WHAT THE TASK ASKS = Output all of the lines below exactly, and leave out each image.
□ □ □ □
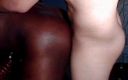 Bareback TV: Biały ćwiek zatrzaskuje muskularny czarny twink
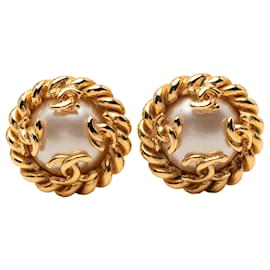Orecchini a clip Chanel CC placcati oro e perle finte dorate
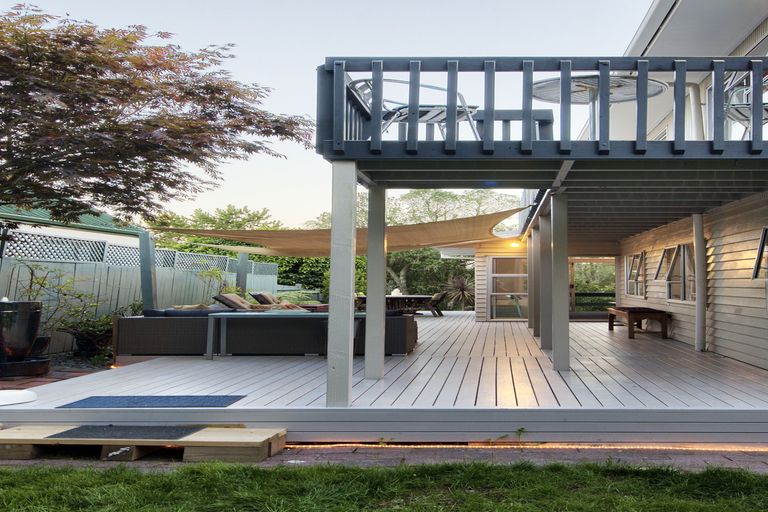 Photo of property in 19 Wirihana Road, Titirangi, Auckland, 0604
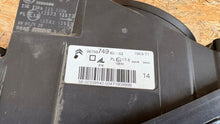Laden Sie das Bild in den Galerie-Viewer, Frontscheinwerfer Citroën C4 Picasso II 9675974980 Links Scheinwerfer Headlight SCH4720218984fz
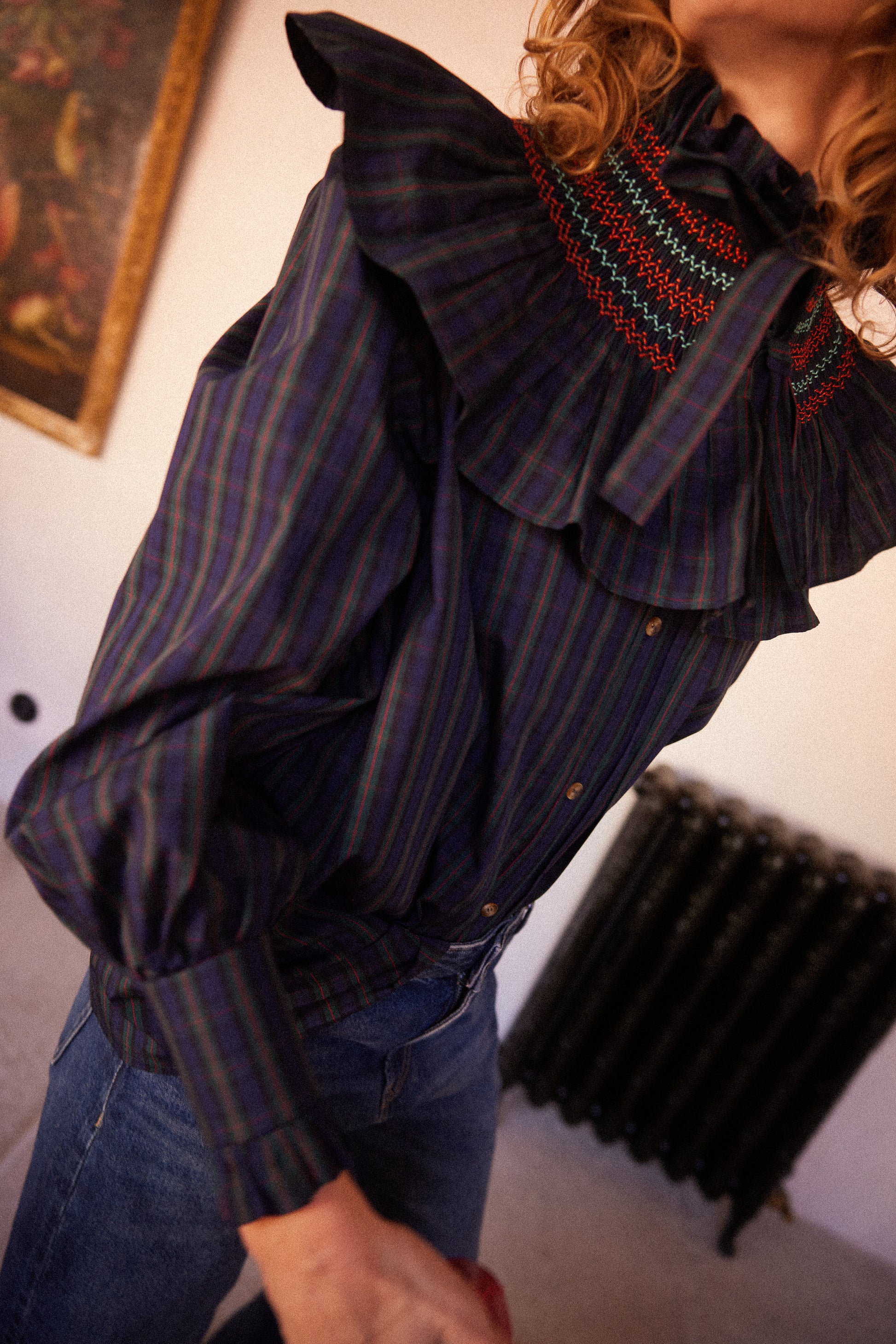 Detalle cuello nido de abeja camisa Marielle, volante y lazo decorativo
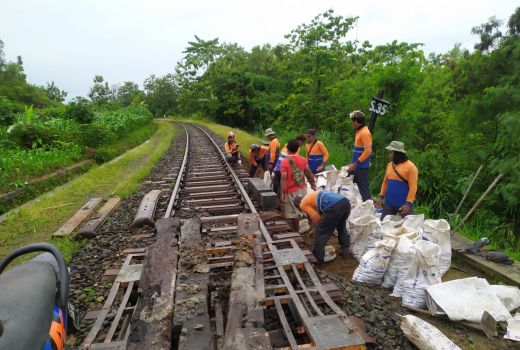 Curah Hujan Tinggi Bikin Petak Rel Terendam Banjir, 2 Perjalanan Railbus Batara Kresna Dibatalkan - GenPI.co JATENG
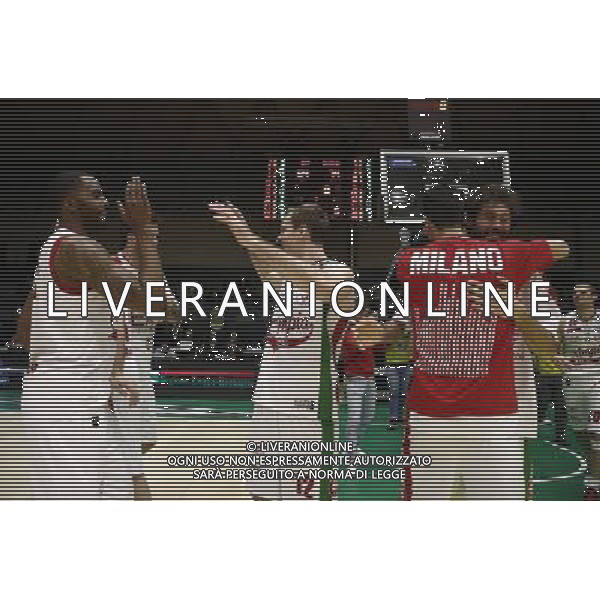 Poste Mobile Final Eight 19/02/2017 EA7 Emporio Armani Milano - Banco di Sardegna Sassari nella foto: esultanza finale milano Â©Claudio Zamagni/Agenzia Aldo Liverani EA7 FINAL EXULTATION during Poste Mobile Final Eight Italian Basketball Cup 2017 - EA7 Emporio Armani Milano against Banco di Sardegna Sassari at Rimini Fiera, on February 19, 2017 photo credit by Claudio Zamagni/Aldo Liverani Photo Agency/ AGENZIA ALDO LIVERANI SAS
□ □ □ □
TASK ANSWER =
 Bareback TV: Biały ćwiek zatrzaskuje muskularny czarny twink
Orecchini a clip Chanel CC placcati oro e perle finte dorate
 Photo of property in 19 Wirihana Road, Titirangi, Auckland, 0604
Laden Sie das Bild in den Galerie-Viewer, Frontscheinwerfer Citroën C4 Picasso II 9675974980 Links Scheinwerfer Headlight SCH4720218984fz
 Detalle cuello nido de abeja camisa Marielle, volante y lazo decorativo
 Curah Hujan Tinggi Bikin Petak Rel Terendam Banjir, 2 Perjalanan Railbus Batara Kresna Dibatalkan - GenPI.co JATENG
 Poste Mobile Final Eight 19/02/2017 EA7 Emporio Armani Milano - Banco di Sardegna Sassari nella foto: esultanza finale milano Â©Claudio Zamagni/Agenzia Aldo Liverani EA7 FINAL EXULTATION during Poste Mobile Final Eight Italian Basketball Cup 2017 - EA7 Emporio Armani Milano against Banco di Sardegna Sassari at Rimini Fiera, on February 19, 2017 photo credit by Claudio Zamagni/Aldo Liverani Photo Agency/ AGENZIA ALDO LIVERANI SAS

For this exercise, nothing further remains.